Many idyllic retirement spots are ski towns like Burlington, Vt., which boasts a white necklace of mountain resorts within a one-hour drive, including Bolton Valley, Jay Peak, Smuggler's Notch, Stowe, and Sugarbush. Baby boomers ages 55 to 64 currently make up 9 percent of all skiers and riders, and those over age 65 an additional 4 percent, according to the trade group the National Ski Areas Association. "The baby boomers tend to be a little bit more fit than their parents' generation," explains NSAA President Michael Berry. Skiers who prefer a flatter surface may want to give Marquette, Mich., a try. Particularly scenic are 4 miles of groomed cross-country ski trails at Presque Isle Park that wind through the woods and along the rocky coast of Lake Superior.
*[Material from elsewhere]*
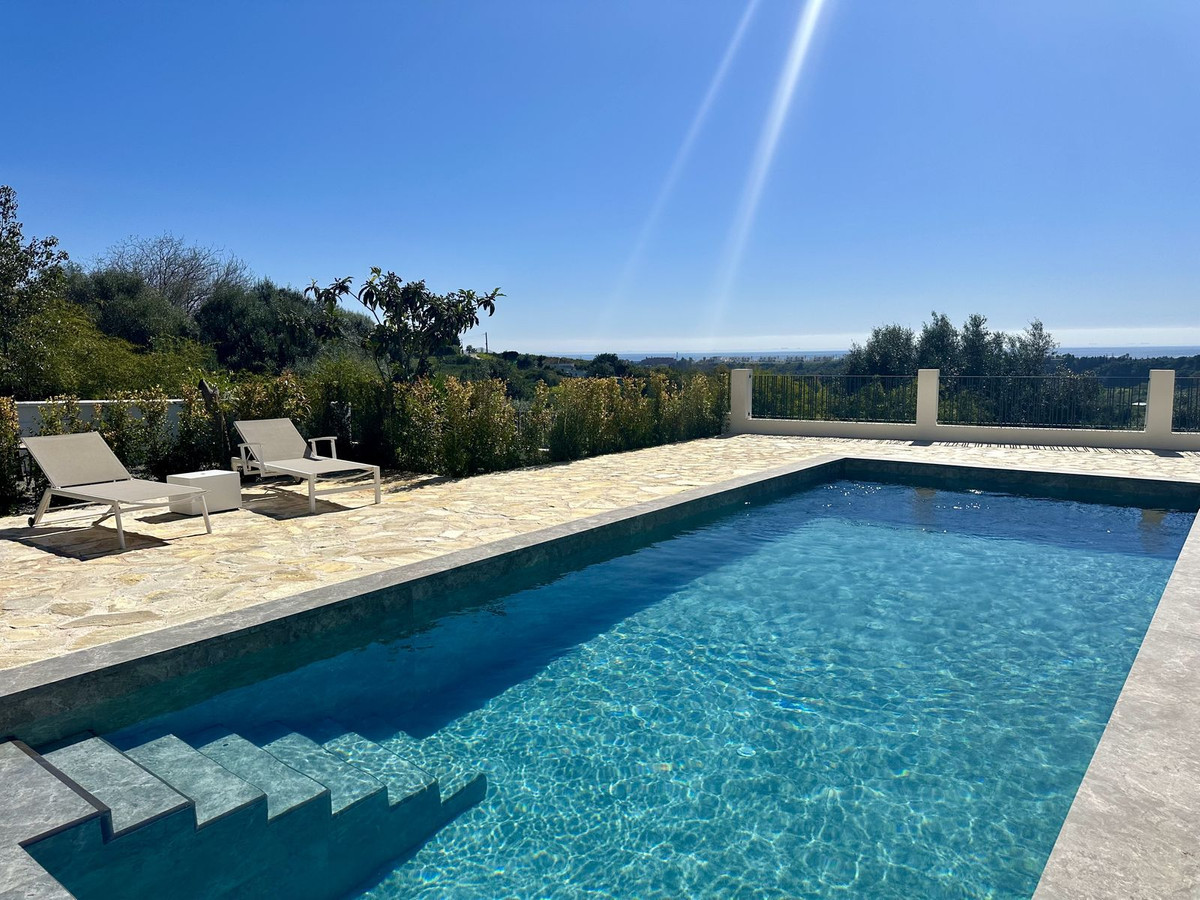 5 Bed, 4 Bath - Villa for Sale in Estepona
To find these winter havens, U.S. News consulted our Best Places to Retire search tool, which allows you to create your own list of retirement spots based on personal preferences that include climate and recreational activities. In addition to plenty of winter sports, each of these places has amenities and cultural activities that perhaps a less athletically inclined spouse might enjoy. South Lake Tahoe, for example, has casinos, live shows, shopping, and even a gondola ride above the center of town along with over a dozen ski resorts, winter sports ranging from dog sledding to snowmobiling, and a large lake that never quite freezes over.
Many towns celebrate their varied winter delights. Portland, Maine, plans to launch a new winter festival in February featuring cross-country skiing, ice skating, sliding, and snowball fights. Two nearby ski resorts, Sunday River and Sugarloaf, will build a snow-covered hill in the center of downtown for skiing and snowboarding. The St. Paul (Minn.) Winter Carnival, on the other hand, is a deeply entrenched community tradition dating to 1886. Approximately 350,000 people attend annually for toboggan slides, snowshoeing, ice carving, snow sculpture competitions, and figure skating exhibitions with free lessons. There's even an ice castle. Retirees who prefer spectator sports can take in a Minnesota Wild hockey game at the team's home arena, the Xcel Energy Center.
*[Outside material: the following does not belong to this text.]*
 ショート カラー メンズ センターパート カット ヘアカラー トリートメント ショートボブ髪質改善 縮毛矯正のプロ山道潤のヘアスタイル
Salt Lake City, which hosted the 2002 Winter Olympics, has world-class venues like the Utah Olympic Park and Oval. The public can skate on the rink where speed skating world records were set, take bobsled rides on the "Comet," brave the world's steepest zip line, or go sledding in the snow zone.
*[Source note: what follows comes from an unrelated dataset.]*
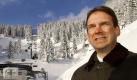 Am Neujahrstag kollidiert Thüringens Ministerpräsident Dieter Althaus auf einer Skipiste in Österreich mit einer Frau, die dabei ums Leben kommt. Althaus selbst erleidet schwere Kofverletzungen. Zwei Monate später wird er wegen fahrlässiger Tötung zu einer Geldstrafe von 33.000 Euro verurteilt. Seine politische Karriere endet noch im Laufe des Jahres. Foto: dpa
Living in a ski town often provides a multigenerational gathering place that will draw children and grandchildren to visit. "I'm 62 with a 16-year-old son, and he and I have more fun together on the mountain than we have anywhere else," says Berry, who plans to retire in five years but stay in Colorado. "Skiing for the older generation and snowboarding for the younger really allows you to connect with friends and family in a way that not very many other activities can."
Skiing can be an expensive sport, but the prices tend to go down as you age. At Mount Bachelor near Bend, Ore., seniors 65 to 69 can get discounted daily lift tickets for $50 to $60. Once you hit age 70, tickets are free. And season passes for young seniors start at $399 for weekdays only, while, after age 70, senior season passes cost just $60. Bridger Bowl near Bozeman, Mont., offers complimentary season passes to seniors beginning at age 72 after a $5 processing fee.